As one of the country's leading landfill experts, the UW-Madison emeritus professor of civil engineering has spent his career studying the things we put on the curb and forget. Ham's latest study might be the clearest indication yet of what happens to landfilled materials.
Knowing how and what materials degrade is the first step toward making landfills better garbage-eating machines - and providing an energy source from methane, Ham says.
At the start of a six-year study, Ham's research team loaded up mesh sacks full of fresh all-American garbage, from soiled diapers to lima beans, and lowered them 10 feet into three landfills across the country. Then they dug them up again - after one year, after 2.5 years and after six years - and sorted through the mass, dried it, weighed it and ran chemical tests.

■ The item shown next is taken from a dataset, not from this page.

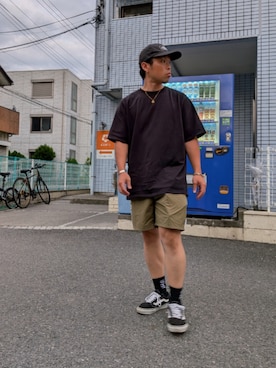 「アイテム（キャップ）」を使った、seishiro(相互フォロー)さん（メンズ・166cm）の秋コーディネート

What Ham and former graduate students Timothy Baldwin and Jeffrey Stinson found might surprise people: Much of our garbage, under the right conditions, moves quite nicely toward oblivion.
This study was a reversal of most landfill surveys, which take core samples from material already buried. Ham says this study gave them controlled information at landfills in Florida, Pennsylvania and Madison on 11 representative types of trash.
"By tracking what happens to the very items we put down, we know exactly what the weight and composition was at day zero," Ham says. It showed conclusively that landfills need not be "tombs" holding waste unchanged for decades.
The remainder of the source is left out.